→ **How to complete this task**:
Go to the line that contains "Florian Haugeneder" in the records below and repeat it, and each line after it, exactly through the end, omitting pictures.

===== Supplied records =====

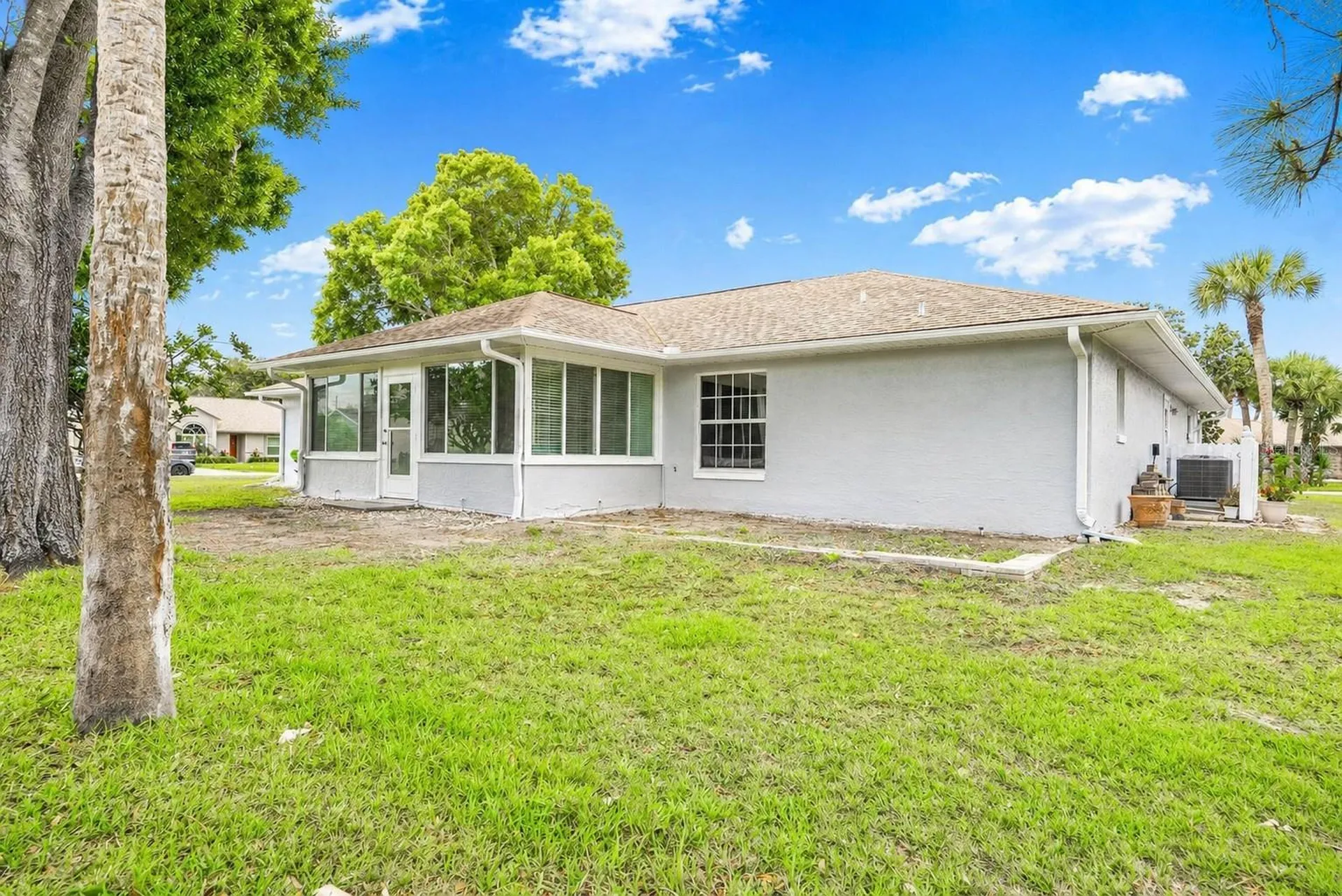 4589 Alder Drive Port Orange FL 32127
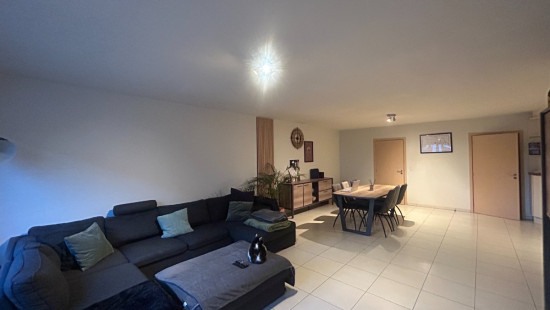 Kaulillerweg - 28 - - 3950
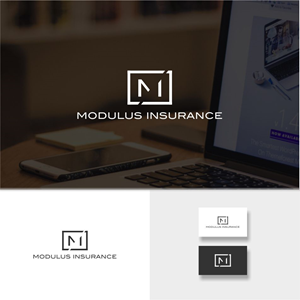 Logo Design by Bingah for this project | Design #29808058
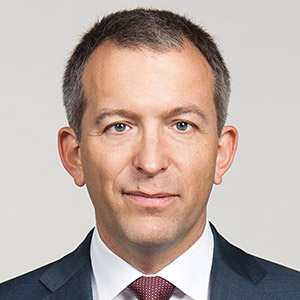 Florian Haugeneder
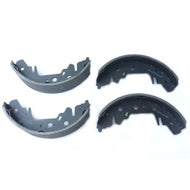 Power Stop 96-00 Chrysler Town & Country Rear Autospecialty Brake Shoes Brake Shoes PowerStop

=====

→ **Your response**:
 Florian Haugeneder
 Power Stop 96-00 Chrysler Town & Country Rear Autospecialty Brake Shoes Brake Shoes PowerStop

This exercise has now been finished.